_TASK TO COMPLETE_
Where an image appears, leave it out; otherwise repeat the data exactly.

START PROVIDED DATA

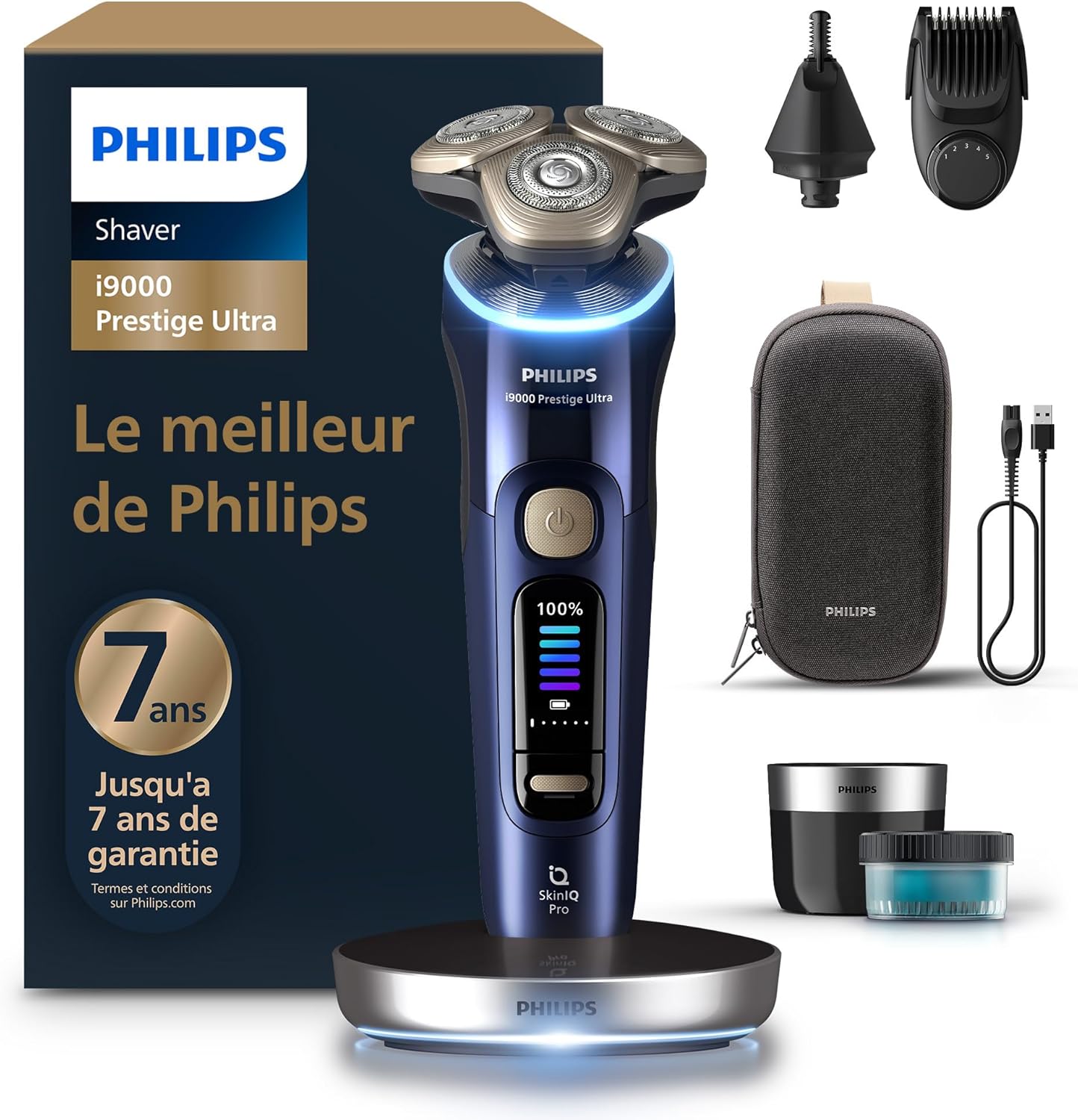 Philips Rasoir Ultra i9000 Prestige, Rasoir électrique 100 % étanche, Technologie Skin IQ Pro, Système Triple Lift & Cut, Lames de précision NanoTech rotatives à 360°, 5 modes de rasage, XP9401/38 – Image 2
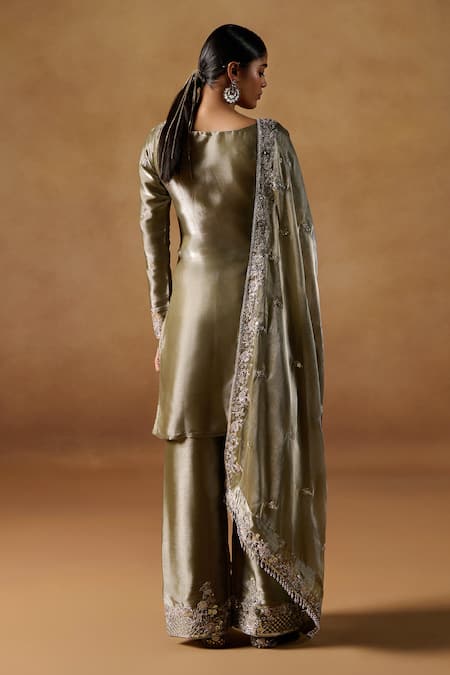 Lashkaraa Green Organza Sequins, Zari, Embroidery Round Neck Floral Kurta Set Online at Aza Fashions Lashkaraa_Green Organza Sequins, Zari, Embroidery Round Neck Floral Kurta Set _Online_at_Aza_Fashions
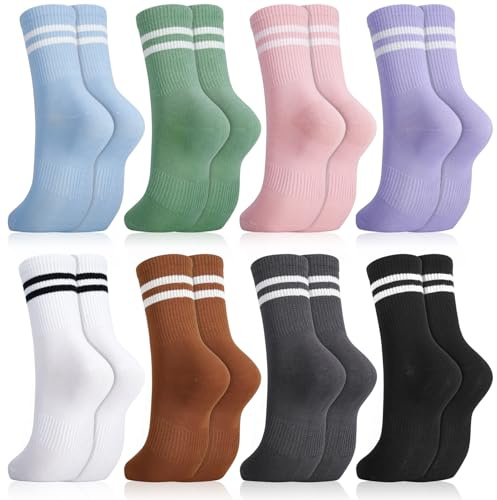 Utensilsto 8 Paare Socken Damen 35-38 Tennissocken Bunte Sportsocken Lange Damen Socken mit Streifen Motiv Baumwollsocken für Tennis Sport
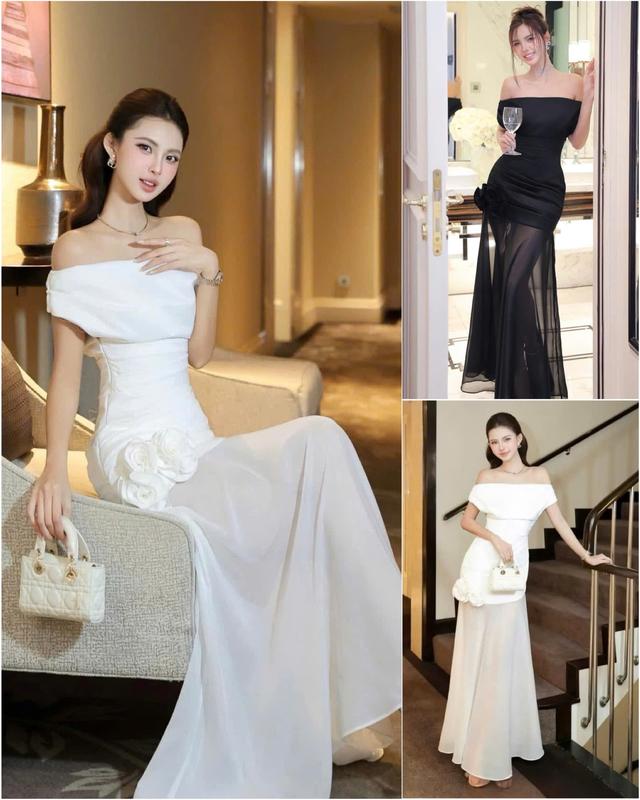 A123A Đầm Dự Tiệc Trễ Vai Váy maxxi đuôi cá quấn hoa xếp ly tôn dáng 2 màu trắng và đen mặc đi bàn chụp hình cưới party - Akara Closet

END PROVIDED DATA

_RESPONSE FOR THIS EXERCISE_
 Philips Rasoir Ultra i9000 Prestige, Rasoir électrique 100 % étanche, Technologie Skin IQ Pro, Système Triple Lift & Cut, Lames de précision NanoTech rotatives à 360°, 5 modes de rasage, XP9401/38 – Image 2
 Lashkaraa Green Organza Sequins, Zari, Embroidery Round Neck Floral Kurta Set Online at Aza Fashions Lashkaraa_Green Organza Sequins, Zari, Embroidery Round Neck Floral Kurta Set _Online_at_Aza_Fashions
 Utensilsto 8 Paare Socken Damen 35-38 Tennissocken Bunte Sportsocken Lange Damen Socken mit Streifen Motiv Baumwollsocken für Tennis Sport
 A123A Đầm Dự Tiệc Trễ Vai Váy maxxi đuôi cá quấn hoa xếp ly tôn dáng 2 màu trắng và đen mặc đi bàn chụp hình cưới party - Akara Closet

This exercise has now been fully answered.